ASSIGNMENT:
Every line of the entries below from the one containing "Agriculture - Combine" to the one containing "Detail of fuchsia", both ends included, must be written out exactly. No other line belongs in the answer.

MATERIALS PROVIDED:
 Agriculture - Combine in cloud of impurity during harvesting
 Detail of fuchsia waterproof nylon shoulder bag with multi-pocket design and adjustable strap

...

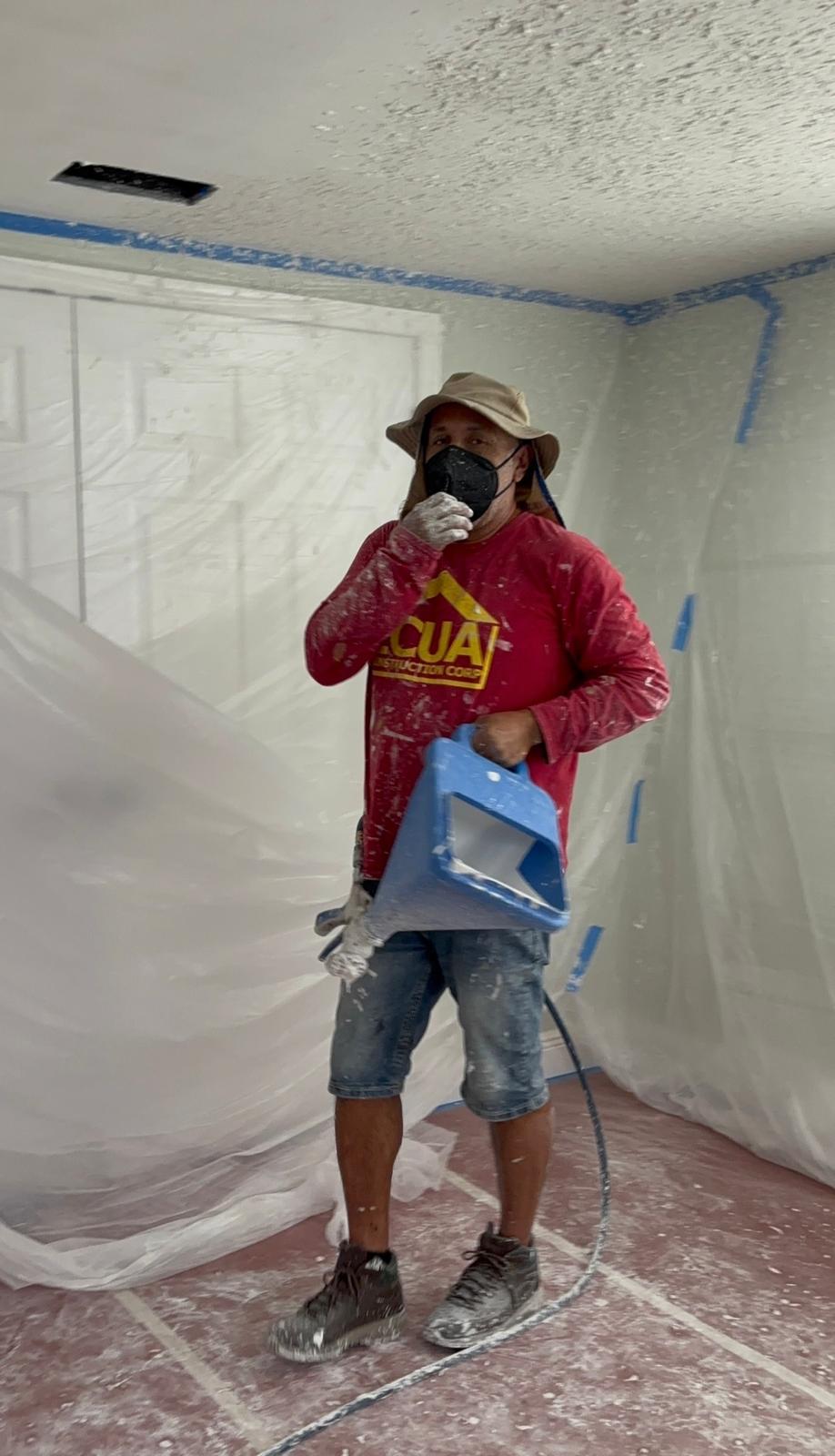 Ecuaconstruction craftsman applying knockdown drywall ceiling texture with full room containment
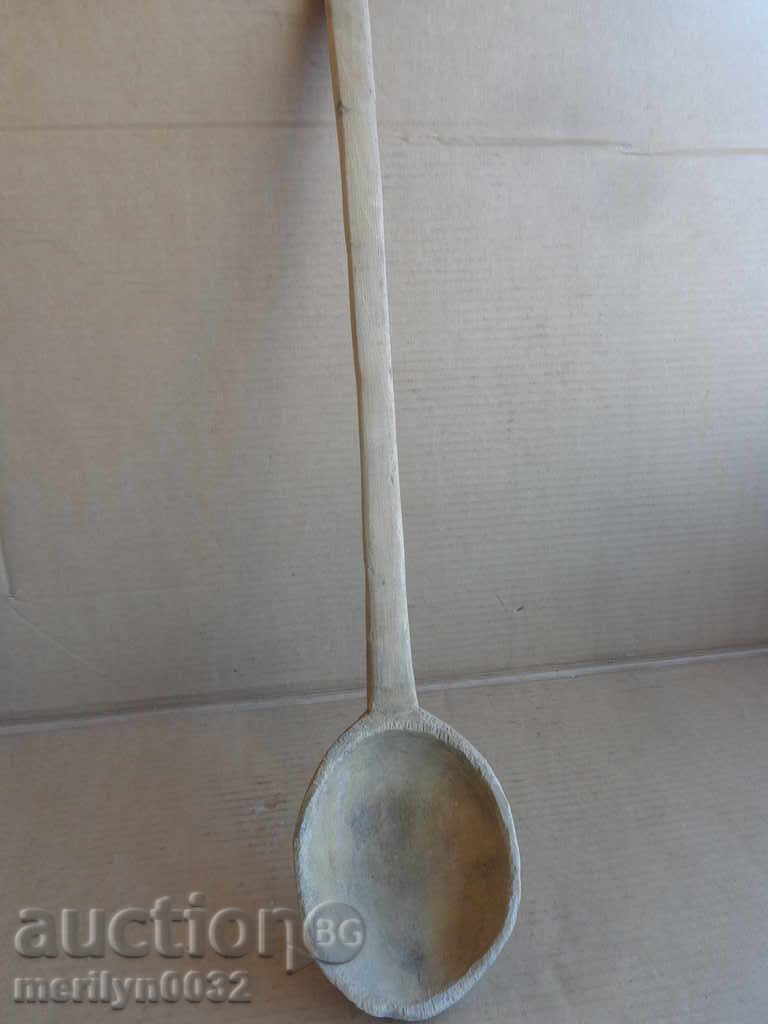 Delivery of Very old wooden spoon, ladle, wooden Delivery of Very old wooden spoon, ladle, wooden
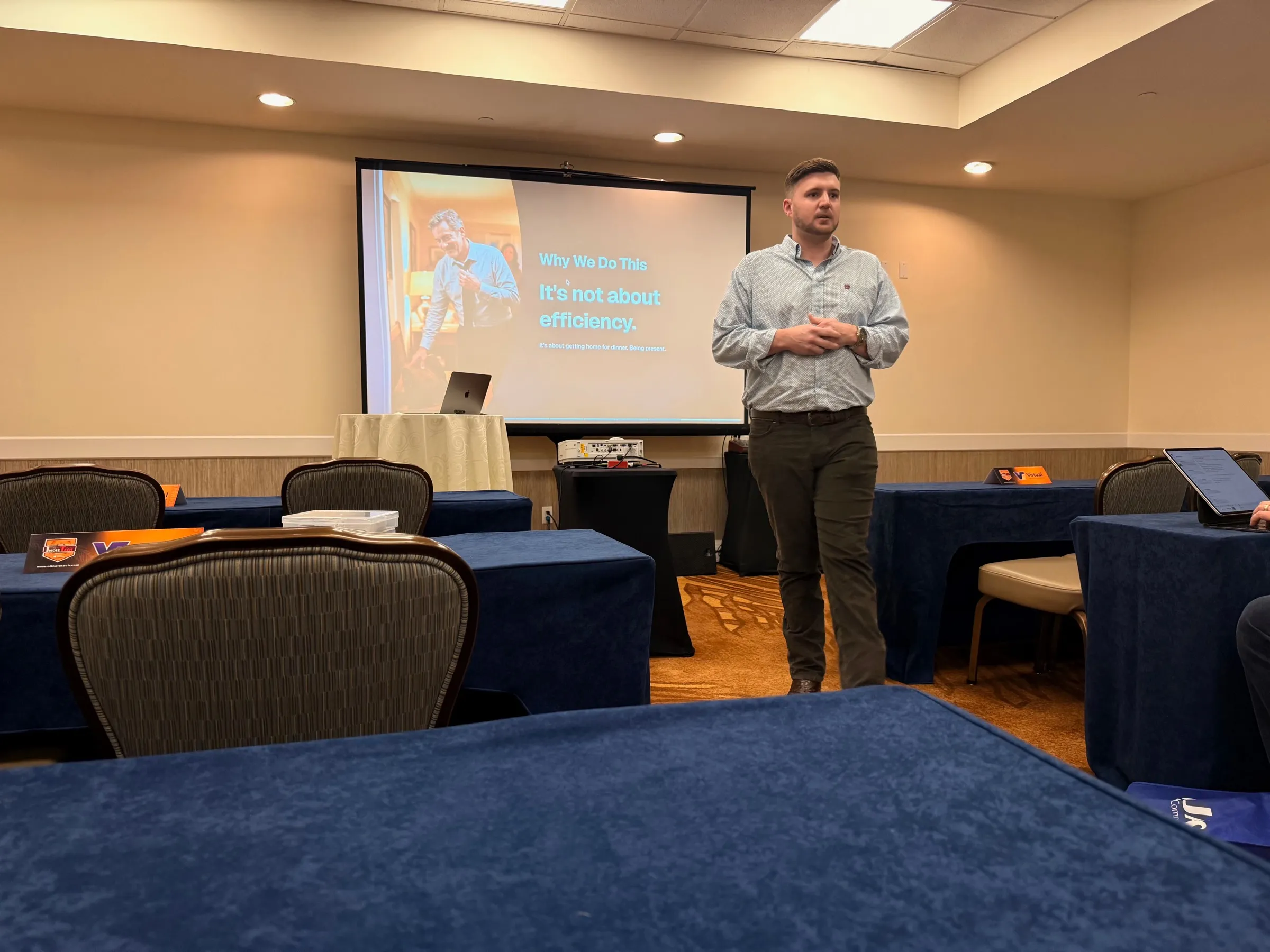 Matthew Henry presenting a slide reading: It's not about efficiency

==

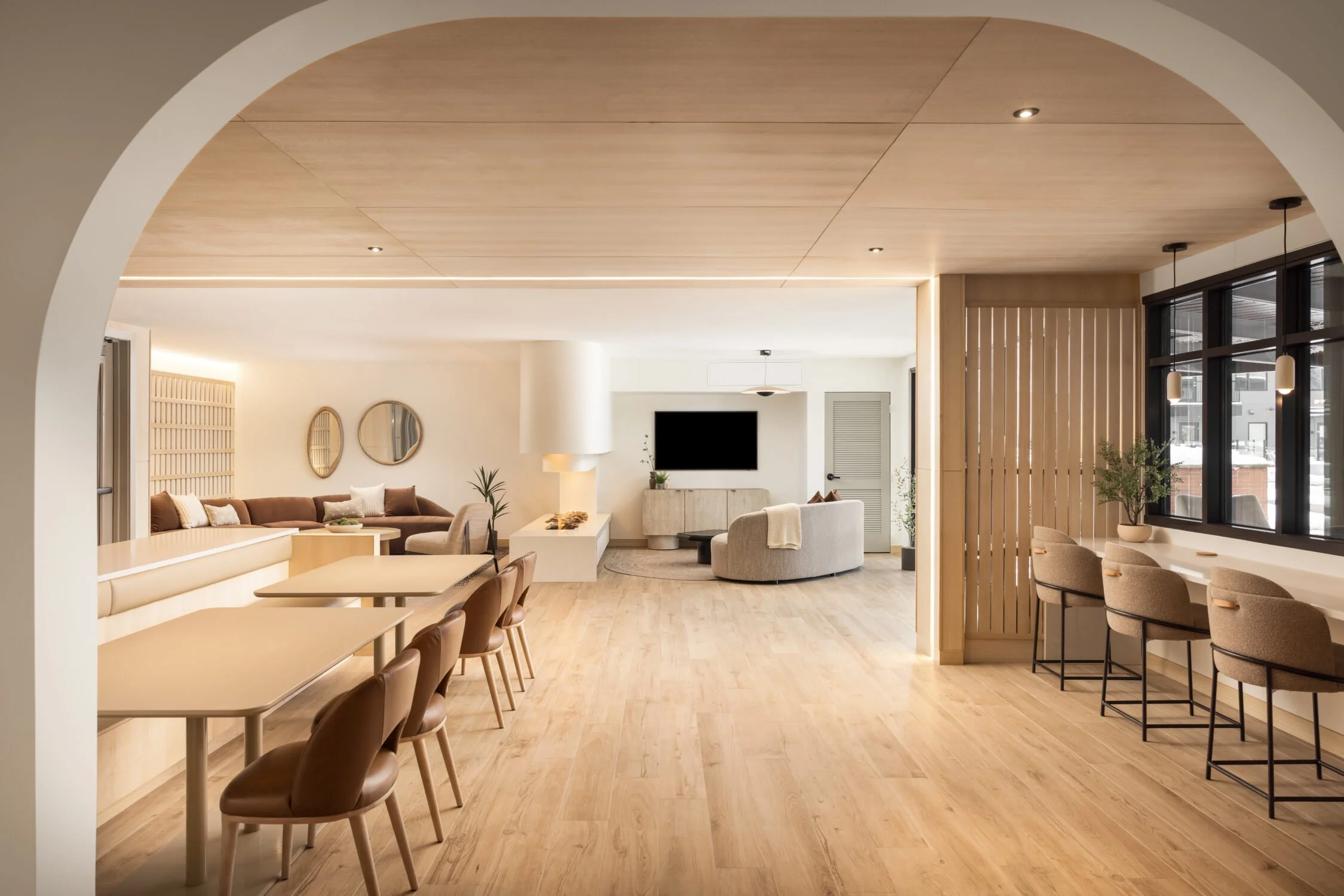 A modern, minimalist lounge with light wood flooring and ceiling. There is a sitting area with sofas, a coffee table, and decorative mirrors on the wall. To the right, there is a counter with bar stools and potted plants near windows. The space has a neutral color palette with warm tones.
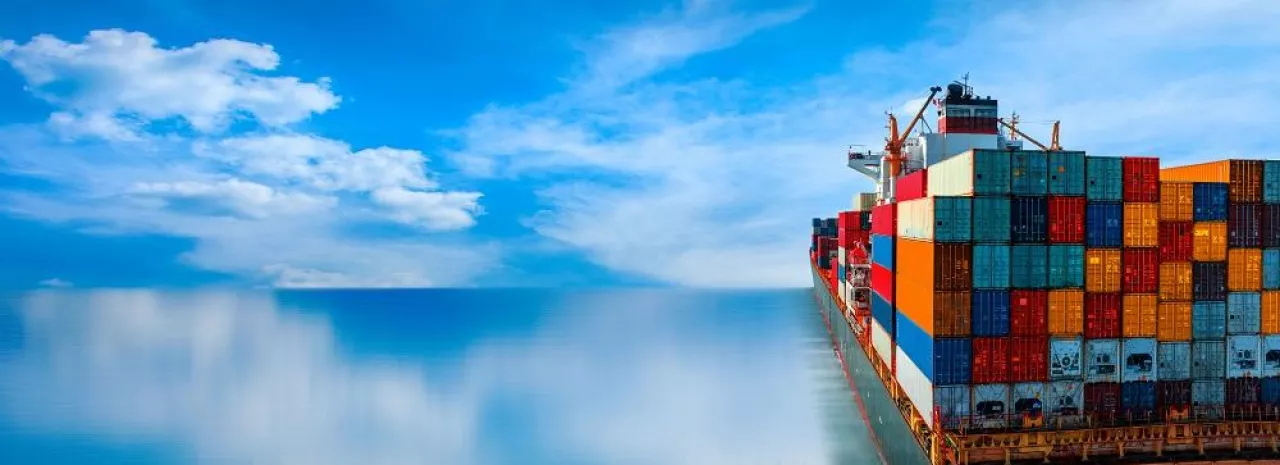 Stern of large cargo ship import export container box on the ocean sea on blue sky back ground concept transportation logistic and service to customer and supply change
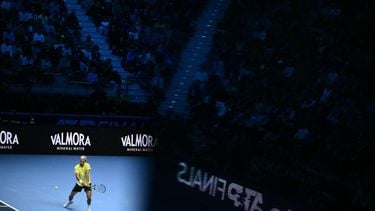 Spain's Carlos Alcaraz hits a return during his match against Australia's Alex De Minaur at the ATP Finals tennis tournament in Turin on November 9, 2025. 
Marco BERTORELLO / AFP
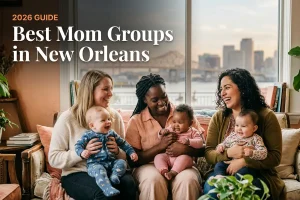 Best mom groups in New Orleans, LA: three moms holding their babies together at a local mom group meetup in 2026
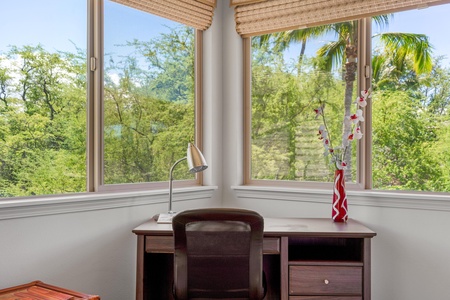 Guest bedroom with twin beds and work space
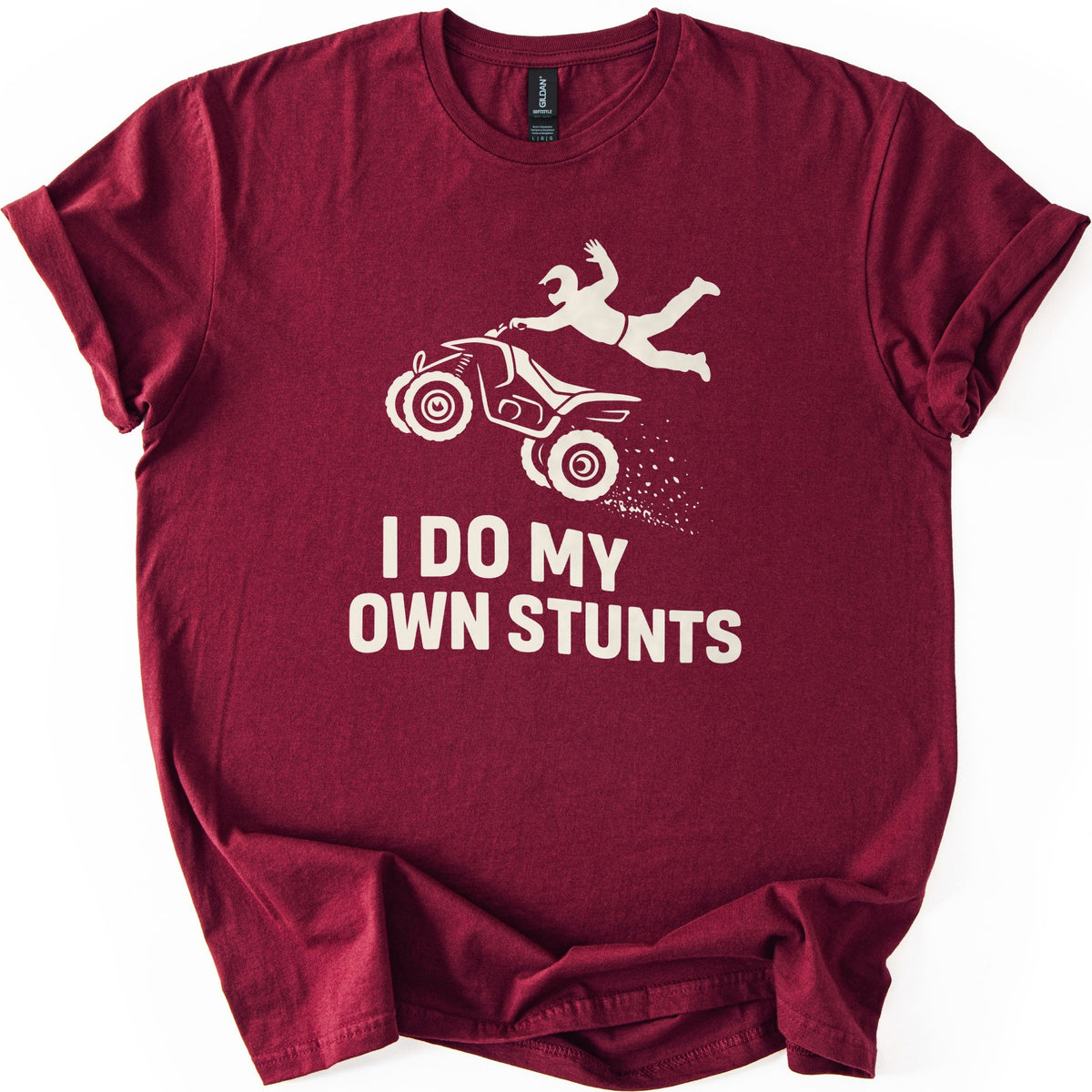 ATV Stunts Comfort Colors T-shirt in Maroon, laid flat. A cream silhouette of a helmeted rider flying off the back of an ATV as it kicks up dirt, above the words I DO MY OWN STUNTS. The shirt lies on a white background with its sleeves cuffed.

WRITTEN SOLUTION:
 Agriculture - Combine in cloud of impurity during harvesting
 Detail of fuchsia waterproof nylon shoulder bag with multi-pocket design and adjustable strap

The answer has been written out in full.